手を懸け、こころを懸けて育て、その短い花の美しさを楽しむ。日本の花の文化の象徴のような花ですが、私たちの心を優しく包み、日本の美を、梅雨どきの風情を十分に楽しませてくれます。豊かな緑と、池水、雨、花菖蒲の組合せは格別です。心がほっとする静かな園内は雨が良く似合います。
今月15日に石川県能登町の常椿寺さんにお声をかけていただき、石川県の天然記念物に指定されている境内のフジの診断に行ってまいりました。フジの周辺のタブの巨木群に支えられている自然樹形のフジです。

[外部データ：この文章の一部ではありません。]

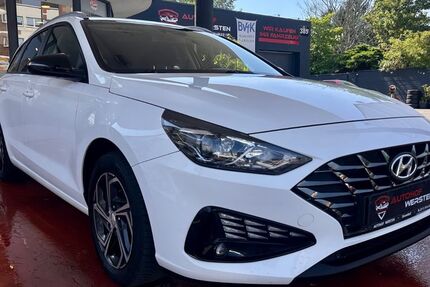 Hyundai i30 221.715 km 8.300 &euro; Düsseldorf 40589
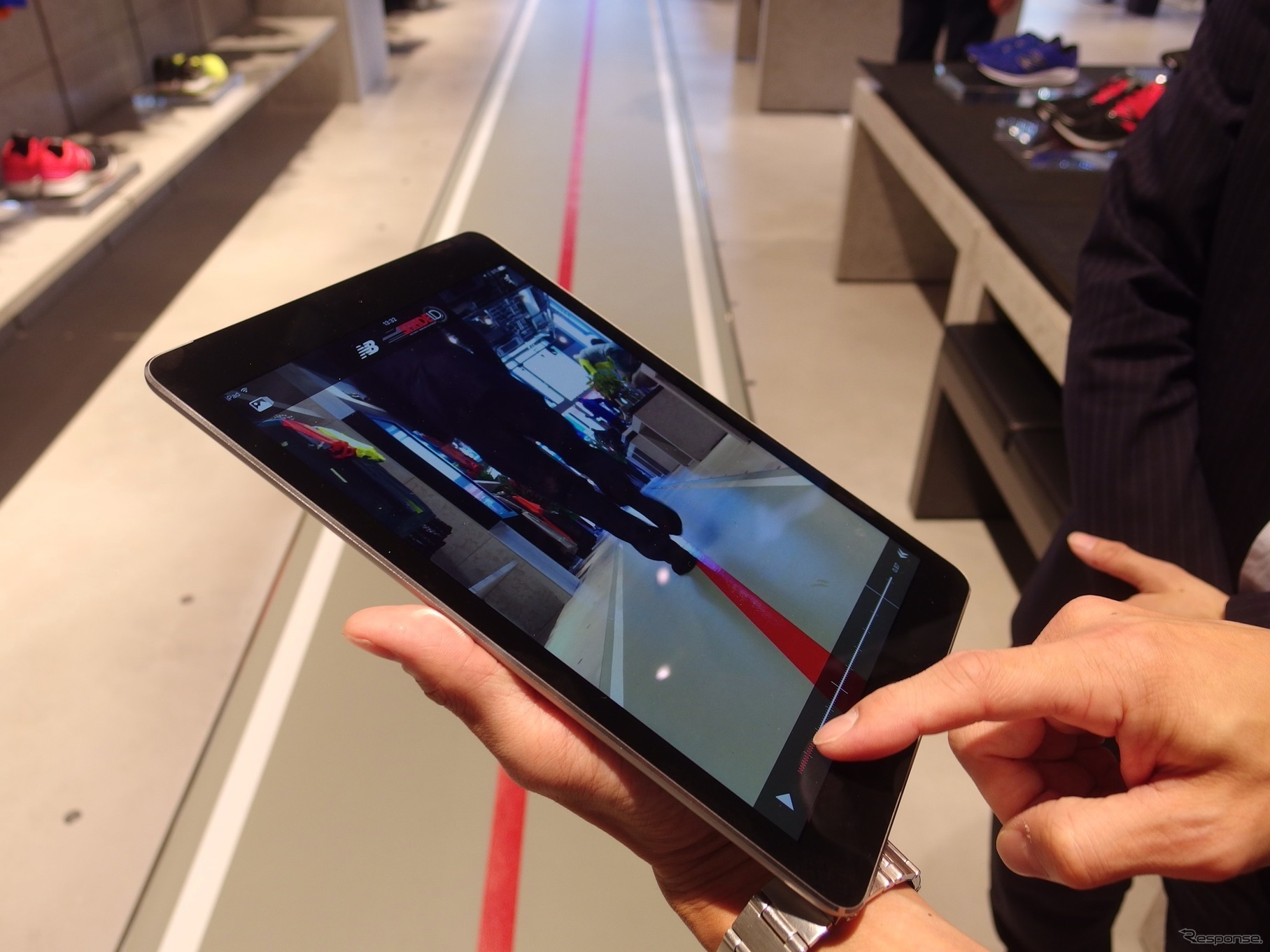 3Dデータと動画から、最適なシューズを提案する。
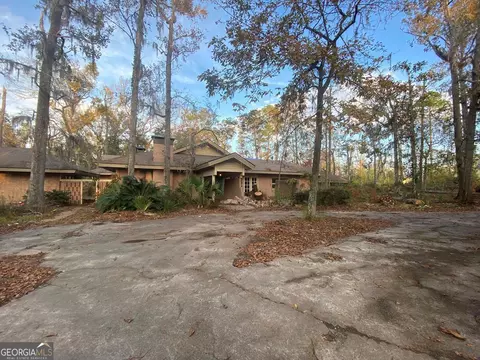 608 Pine Point Cir, Valdosta, GA 31602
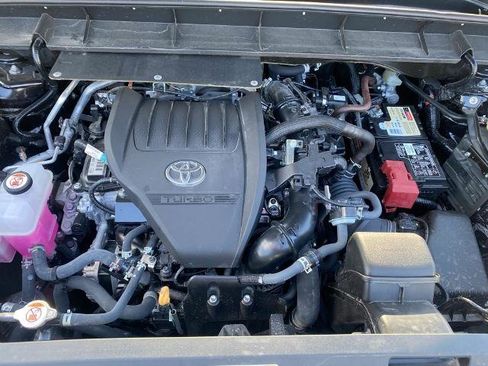 Used 2024 Toyota Highlander Platinum image 34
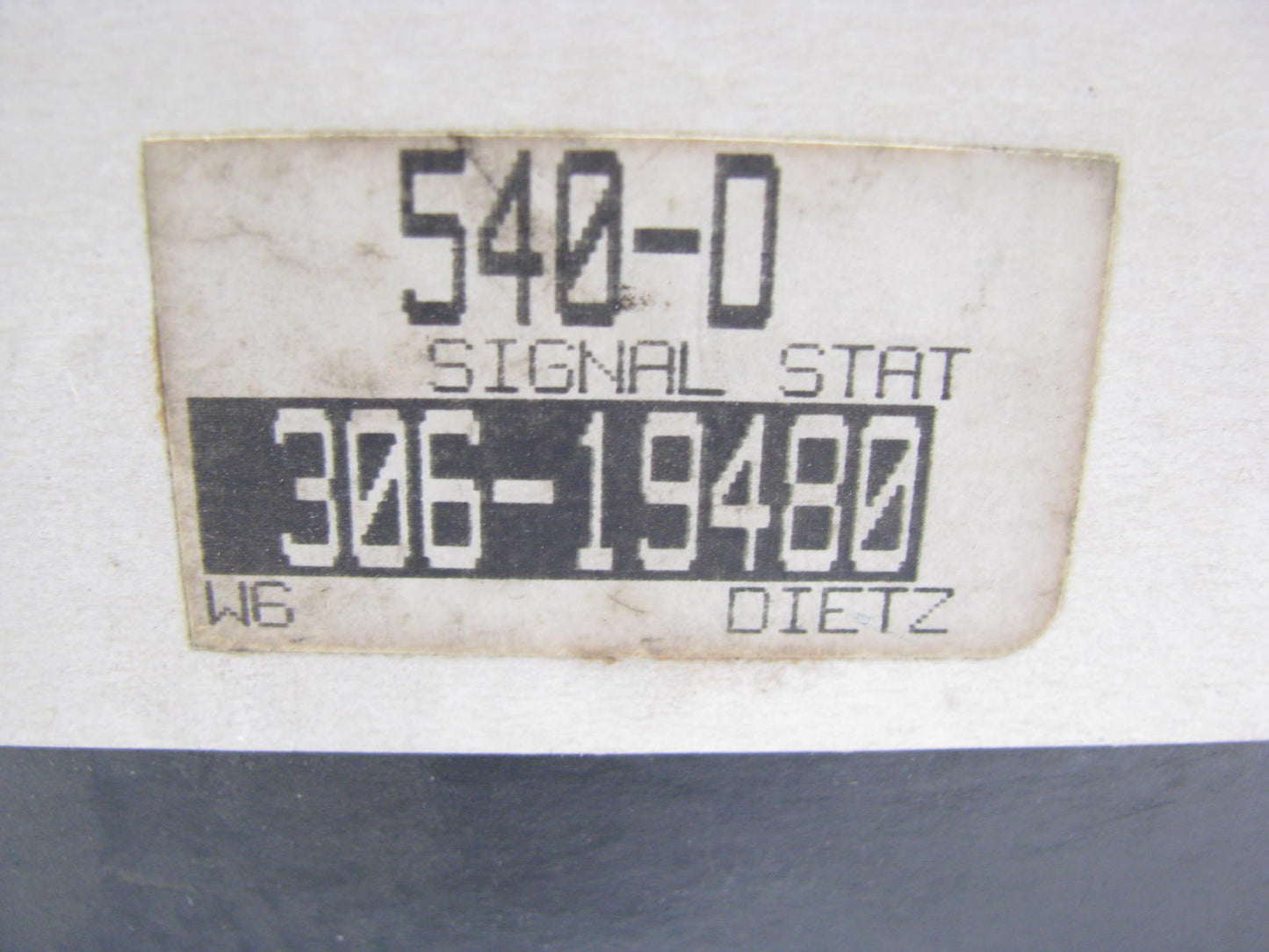 Universal Mount Stop/Turn/Tail W/license,two Stud,two WIRE Signal-stat 540D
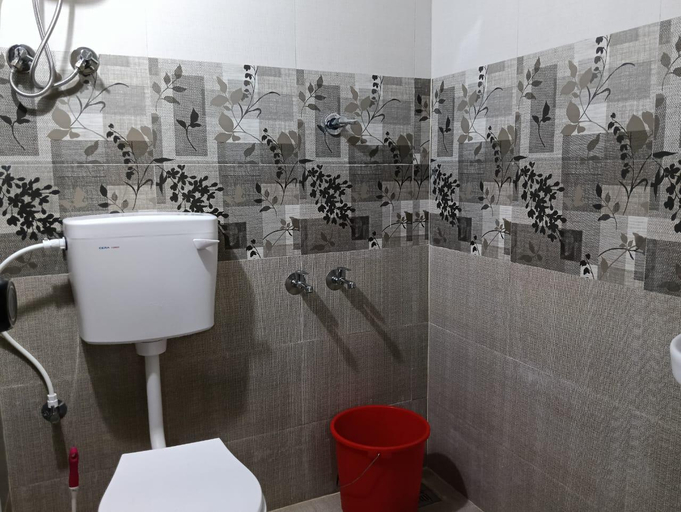Bathroom, RELAX HOMESTAY, Thiruvananthapuram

棚仕立てではないフジとしては国内で最も太いのではないかと思われるほど素晴らしい姿に感動いたしました。タブの木はフジに覆われて少し樹勢が弱ってきています。将来タブの木が弱れ、倒れてしまうとフジも一緒に倒れる事になります。なんとかフジとタブの共生を考えなければなりません。その手法をお伝えしてきました。
その後、常椿寺さんの庫裏にご案内いただき、ご夫妻のお話をお聞きいたしました。
その話の内容は30数年前、原爆の図をおかきになった丸木伊里画伯夫妻がお見えになり周辺の景色が余りにも美しいため、数日、庫裏にお泊まりになった。朝早く気づくと襖4枚に松竹の図、裏側には梅の図が描かれていたというのです。そしてその交流は10年も続き、藤の花の咲く頃にもよくお見えになったとのことでした。
「このフジから素晴らしいご縁を頂きました。私たちの宝物です。」と感慨深くその当時の事をお話いただきました。その襖絵を拝見しながら私もフジを愛する一人としてとても嬉しく、フジの取り持つお話に感激いたしました。
フジの魅力をまたひとつ教えて頂いた旅でした。樹恩。